If $A$ is orthogonal, the modulus of every row and column is 1, therefore all other elements in the same row with ±1 must be 0, so $a=b=c=d=e=f=0$. The modulus of last row is not 1, so $A$ cannot be orthogonal.
(ii) If an orthogonal matrix represents a reflection, show that it is symmetric.
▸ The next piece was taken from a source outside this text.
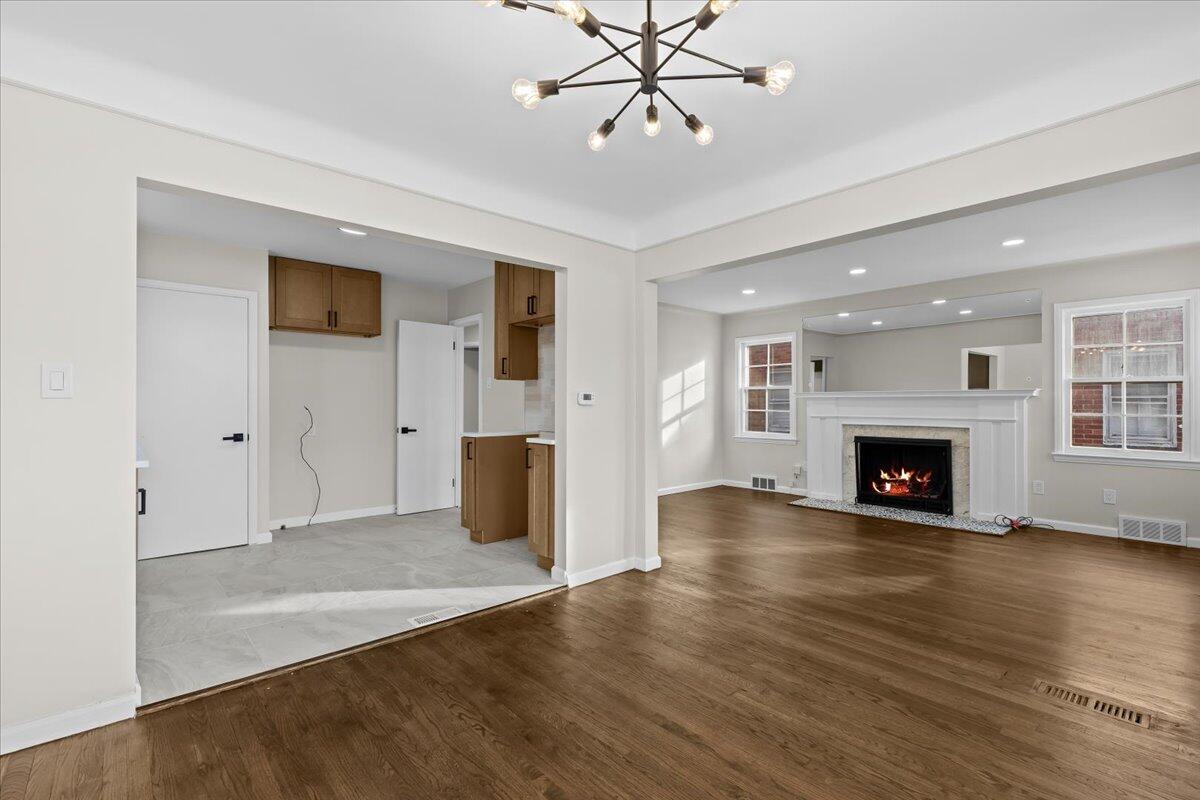 19750 Prest Street Detroit, MI 48235 - Photo 8 of 30 09-19750 Prest St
Is the converse true?
Solution.
For all $\mathbf{v},\mathbf{x}\in\mathbb R^{1×3}$, the vector of $\mathbf x$ projected onto $v$ is $\frac{\mathbf v^{\sf T}\mathbf x}{\sqrt{\mathbf v^{\sf T}\mathbf v}}\cdot\frac{\mathbf v}{\sqrt{\mathbf v^{\sf T}\mathbf v}}$. This vector is the midpoint of $\mathbf x$ and the reflection of $\bf x$ in the hyperplane containing $\bf v$, therefore the reflected vector is $Q\mathbf x$, where $Q=I-2{\frac {{\mathbf {v} }{\mathbf {v} }^{\sf T }}{{\mathbf {v} }^{\sf T }{\mathbf {v} }}}$. Since $I,\mathbf v\mathbf v^{\sf T}$ are symmetric, so is $Q$.[Another way: If $A$ is orthogonal, $A^2=I=A^{\sf T}A$, so $A=A^2A^{\sf T}=A^{\sf T}(AA^{\sf T})=A^{\sf T}$, so $A$ is symmetric.]
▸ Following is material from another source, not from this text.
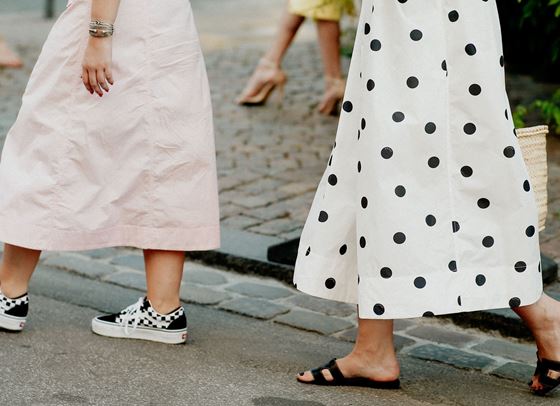 Рокля и маратонки: Trendy дуетът на пролет 2022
The converse is not true. Counter-example: a diagonal matrix is symmetric. For it to be orthogonal, every diagonal element is ±1. Among them, only if there is one -1 and all the others 1, is it matrix of a reflection, so all the other cases can be taken as counter-example.
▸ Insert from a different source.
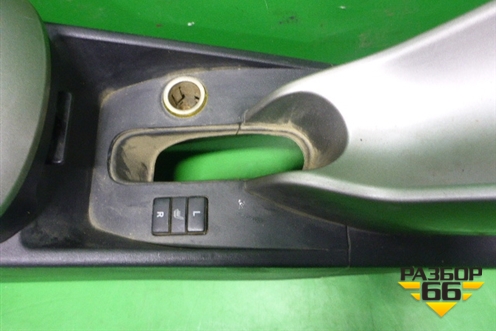 Подлокотник (в сборе) для Toyota Auris с 2006-2012г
(iii) Let $A$ be an $n × n$ matrix for which there exists an orthogonal matrix $P$ such that $P^{\sf T}AP$ is diagonal. Show that $A$ is symmetric.
Proof.
$P^{\sf T}AP$ is diagonal⇒$(P^{\sf T}AP)^{\sf T}=P^{\sf T}AP$⇒$P^{\sf T}A^{\sf T}P=P^{\sf T}AP$. Since $P$ is orthogonal, $P^{\sf T}=P^{-1}$, so $A^{\sf T}=A$. - (i) Let $T: \mathbb{R}^{2} \rightarrow \mathbb{R}^{3}$ be the map given by$$T(\mathbf{x})=A \mathbf{x}+\mathbf{b} \text { where } A=\left(\begin{array}{cc}1 / 3 & 0 \\ 2 / 3 & 1 / \sqrt{2} \\ 2 / 3 & -1 / \sqrt{2}\end{array}\right) \quad \text { and } \mathbf{b}=\left(\begin{array}{l}1 \\ 1 \\ 1\end{array}\right)$$Show that $A^{\sf T}A = I_2$ and deduce that $T$ is an isometry. What is the image of $T$?
Proof.
$A^{\sf T}A=\begin{pmatrix}\left(\frac13\right)^2+\left(\frac23\right)^2+\left(\frac23\right)^2&\frac13\cdot0+\frac23\cdot\frac1{\sqrt2}+\frac23\cdot\left(-\frac1{\sqrt2}\right)\\\frac13\cdot0+\frac23\cdot\frac1{\sqrt2}+\frac23\cdot\left(-\frac1{\sqrt2}\right)&0^2+\left(\frac1{\sqrt2}\right)^2+\left(-\frac1{\sqrt2}\right)^2\end{pmatrix}=\begin{pmatrix}1&0\\0&1\end{pmatrix}$. So $T$ is an isometry.
Let $B=(\begin{array}3-4&1&1\end{array})$, we have $BA=0$, so the image of $T$ is the plane $-4x+y+z=B\mathbf b$, which is $-4x+y+z=-2$.
(ii) Show that there is no isometry from $\mathbb R^3$ to $\mathbb R^2$.
Take an orthogonal basis of $\mathbb R^3$, since isometry preserves orthogonality, their image would be pairwise-orthogonal, which is impossible in $\mathbb R^2$.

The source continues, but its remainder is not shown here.